*** The records
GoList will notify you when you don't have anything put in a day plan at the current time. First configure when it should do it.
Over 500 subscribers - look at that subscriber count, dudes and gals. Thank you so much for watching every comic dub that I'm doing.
******
*** The records
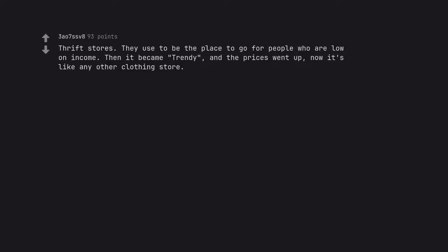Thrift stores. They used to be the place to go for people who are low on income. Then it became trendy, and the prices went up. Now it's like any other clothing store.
******
**Directions for this task:** Out of the entries above, write out only the lines between the line holding "GoList will notify" and the line holding "Over 500 subscribers", inclusive, each exactly as given.

**Worked solution:**
GoList will notify you when you don't have anything put in a day plan at the current time. First configure when it should do it.
Over 500 subscribers - look at that subscriber count, dudes and gals. Thank you so much for watching every comic dub that I'm doing.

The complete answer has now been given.